- **What is expected**
Transcribe exactly every line from the one with "Mexen Tord ensemble" to the last line of the listing below, including both.

----- Data below -----

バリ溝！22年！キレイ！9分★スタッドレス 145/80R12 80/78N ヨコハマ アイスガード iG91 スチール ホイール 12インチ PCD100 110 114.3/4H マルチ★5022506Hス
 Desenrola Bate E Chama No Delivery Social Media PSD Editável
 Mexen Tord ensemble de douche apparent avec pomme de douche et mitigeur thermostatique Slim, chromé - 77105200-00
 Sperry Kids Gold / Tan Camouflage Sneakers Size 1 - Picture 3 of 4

-----

- **Solution to this problem**
 Mexen Tord ensemble de douche apparent avec pomme de douche et mitigeur thermostatique Slim, chromé - 77105200-00
 Sperry Kids Gold / Tan Camouflage Sneakers Size 1 - Picture 3 of 4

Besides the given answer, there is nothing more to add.